The Kellogg Linux Cluster (KLC) is a group of 10 high-memory Linux servers, or "nodes," each of which has 1.5 - 2.0 TB of RAM. The latest generation of nodes (klc0304 - klc0307) each have 64 CPU cores, and the next-older generations (klc0201 - klc0303) have 52 CPU cores

Networked storage is shared among all the KLC servers. This includes a private 80 GB home directory for each user and 600 TB of network storage available for project directories, where you can share files with each other.

You connect to KLC by making a secure shell (ssh) connection to a particular node. To help you decide which node to use, the table below shows the amount of CPU and RAM currently available on each node. The links will open a FastX session in your browser that connects to that node.

Why Use KLC?

The KLC servers are far more powerful than even top-of-the-line personal workstations. The high amounts of memory, storage, and CPU available there allow you to tackle much bigger computational problems and work with much larger data files than you otherwise would. In addition, because KLC is a shared system, it is well suited for enabling work that is both highly collaborative and easily reproducible.

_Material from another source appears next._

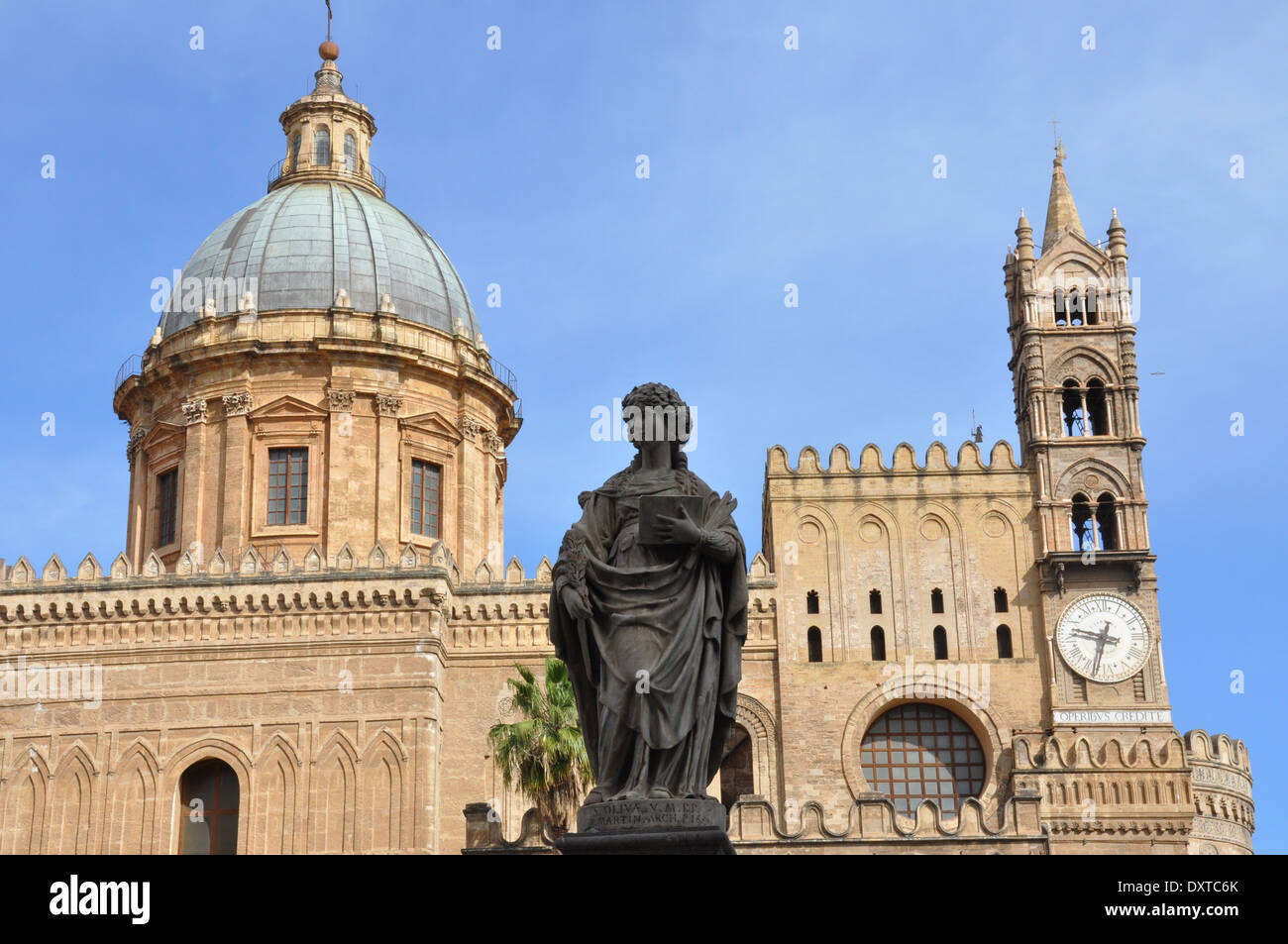 Statua e la cupola e il campanile della cattedrale di Palermo Foto Stock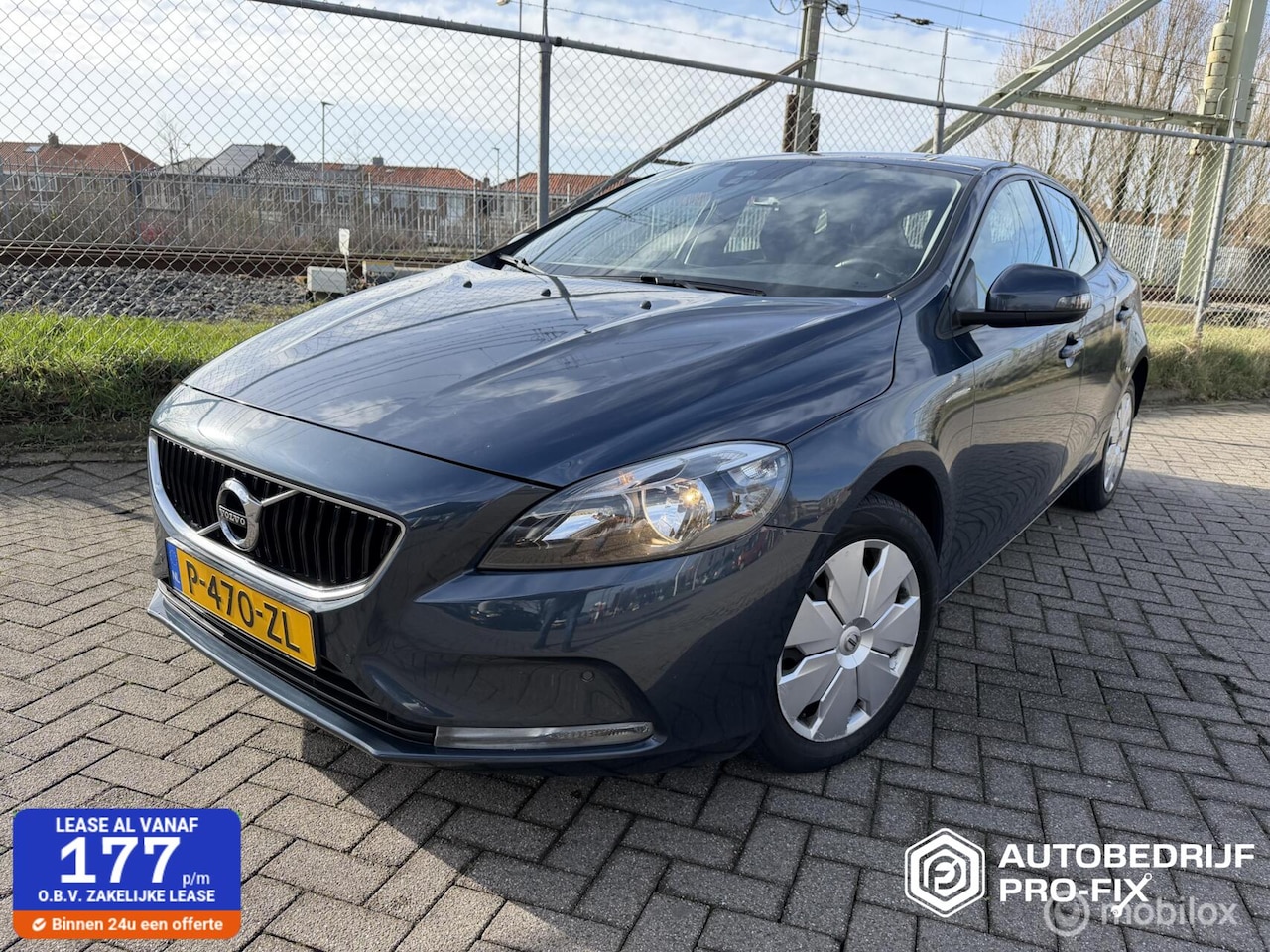 Volvo V40 - 2.0 T2 R-Design 2.0 T2 R-Design - AutoWereld.nl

KLC offers advantages for those who are familiar with Kellogg's high-performance Windows servers. KLC offers the same, vast library of scientific computing software that Northwestern Quest uses. As a Linux-based system, KLC also offers straightforward ways for you to schedule jobs to run at certain times and to script sequences of tasks, both of which can save you effort and help with reproducibility.

Access

KLC is intended for Kellogg researchers and their collaborators. Current tenure-line faculty and PhD students automatically have access. Please contact Kellogg Research Support to request access for others.

Job Priority

Although you can submit as many jobs as you like, each user is allowed to run processes on up to 24 CPU cores concurrently across all the KLC nodes at normal priority. When one goes beyond this limit, all their processes incur a reduction in priority. This is how we protect users from having their work slow down because somebody else is using too much of the system.

If your work needs more than 16 CPU cores at a time, please ask Kellogg Research Support to advise you on your options.

Quest Inter-Operability

KLC is actually a special part of NUIT's Quest High Performance Computing facility. Your files on KLC are also available on Quest, and this connectivity allows you to easily scale your computation up to thousands of cores on Quest, if necessary.